In questo quadro, a sconvolgere sono i toni usati dal governatore. Oggi come un anno fa, infatti, le parole di De Luca oscillano tra l’apocalittico e la megalomane. Anzi, nel corso dell’ultimo anno, il presidente della Campania non ha perso occasione di presentare la regione come «modello di efficienza amministrativa» davanti all’Italia messa in ginocchio dal virus. Lo ha fatto a proposito degli aiuti alle imprese, dei test ai quali ha sottoposto il personale scolastico a settembre, della gestione dei posti letto negli ospedali, delle misure anti-contagio più severe che ha imposto ai cittadini prima che a farlo fosse il Governo nazionale. E, in preda al delirio di onnipotenza, è arrivato a indicare la Campania come prima regione Covid-free in Europa a fine 2021 e Napoli come prima grande città completamente immunizzata entro luglio, salvo poi vedere le sue previsioni ridimensionate dalla mancanza di vaccini. Ancora, non più tardi di tre settimane fa, De Luca è arrivato a sottolineare come non si possa più parlare di modello lombardo, ma che «facciamo prima a parlare di modello campano».
Il continuo tentativo di sfoderare performance migliori delle altre regioni, però, non ha portato la Campania a grandi risultati.
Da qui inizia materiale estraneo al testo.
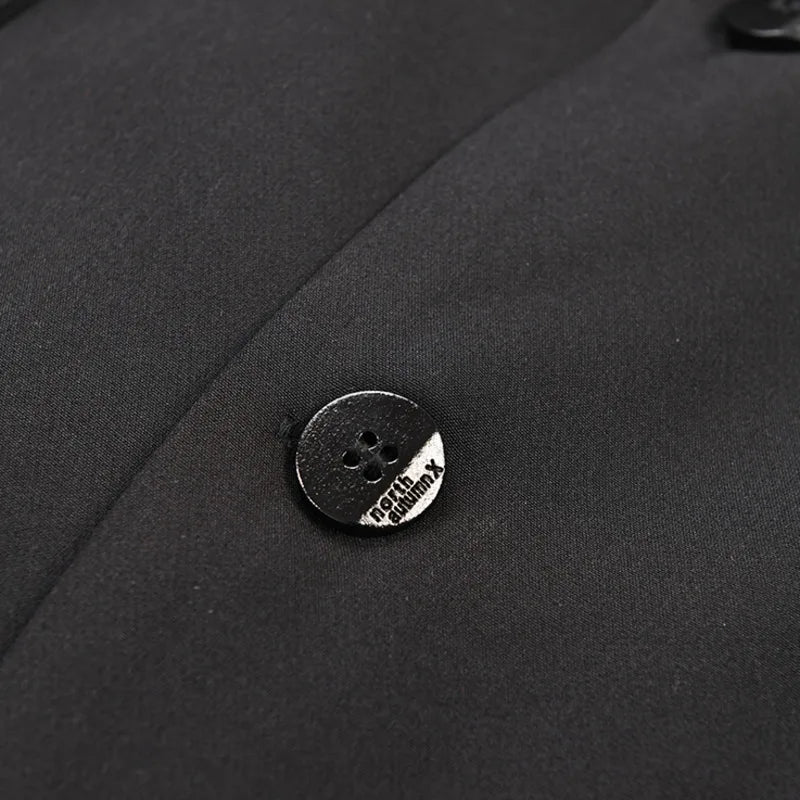 Premium Men's Autumn Casual Suit Coat - Business Blazer with Korean Fashion Lace-Up & Spliced Design, Loose Fit Small Size CP0505 | Ideal for Office Wear, Business Meetings & Smart Casual Outfits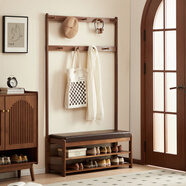 席豪（XIHAO）實(shí)木衣帽架換鞋凳掛衣架一體衣服架可坐式鞋柜門(mén)口穿鞋凳家用鞋凳 中古色雙層升級款100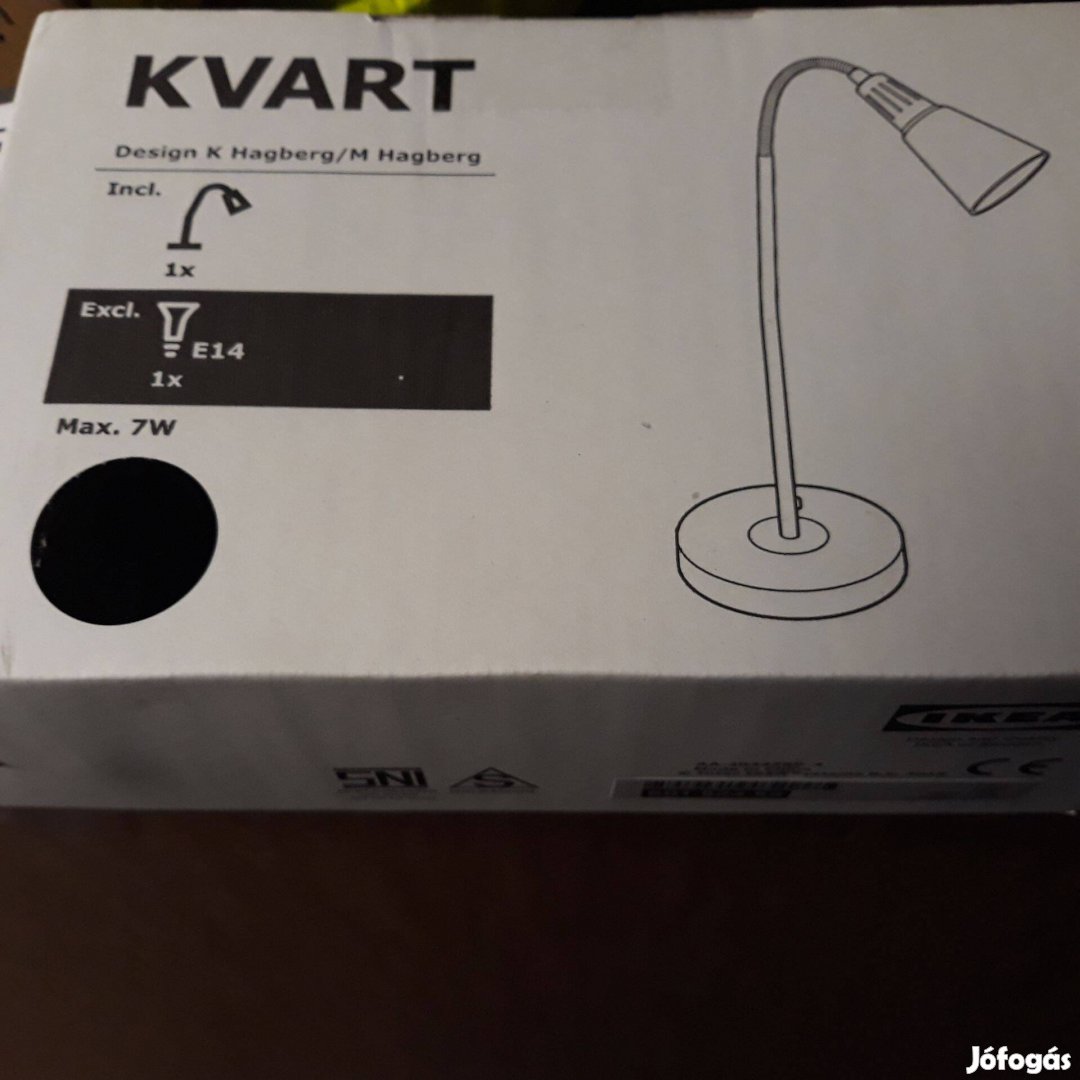 Új Ikea Kvart asztali lámpa, fekete, dobozában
A un anno dalle prime misure anti-contagio varate da De Luca, infatti, la Campania assiste all’ennesima impennata dei contagi da Covid e affronta un lockdown che rischia di essere la mazzata finale su un tessuto socio-economico che, nello stesso momento in cui la pandemia si è abbattuta sull’Italia e sul resto del mondo, stava faticosamente riprendendosi dalla crisi del 2009. Senza dimenticare la compressione dei diritti e delle libertà fondamentali che i dpcm del Governo e le ordinanze del governatore hanno provocato e alle quali gran parte dell’opinione pubblica sembra essersi incomprensibilmente (e inaccettabilmente) assuefatta.
Ecco perché viene da chiedere a De Luca che senso abbia avuto la continua ricerca del primato tra le regioni italiane travolte dal Covid. Sarebbe stato meglio se il governatore avesse affrontato l’emergenza con uno spirito meno polemico e competitivo ma più risolutivo, cioè con l’obiettivo di individuare una strategia di convivenza col virus che non coincidesse solo ed esclusivamente con ordinanze restrittive e limitazioni dei diritti fondamentali. Perché, in fondo, è questo che si chiede agli amministratori pubblici: non fantomatiche “medaglie”, ma soluzioni concrete e ragionevoli ai problemi.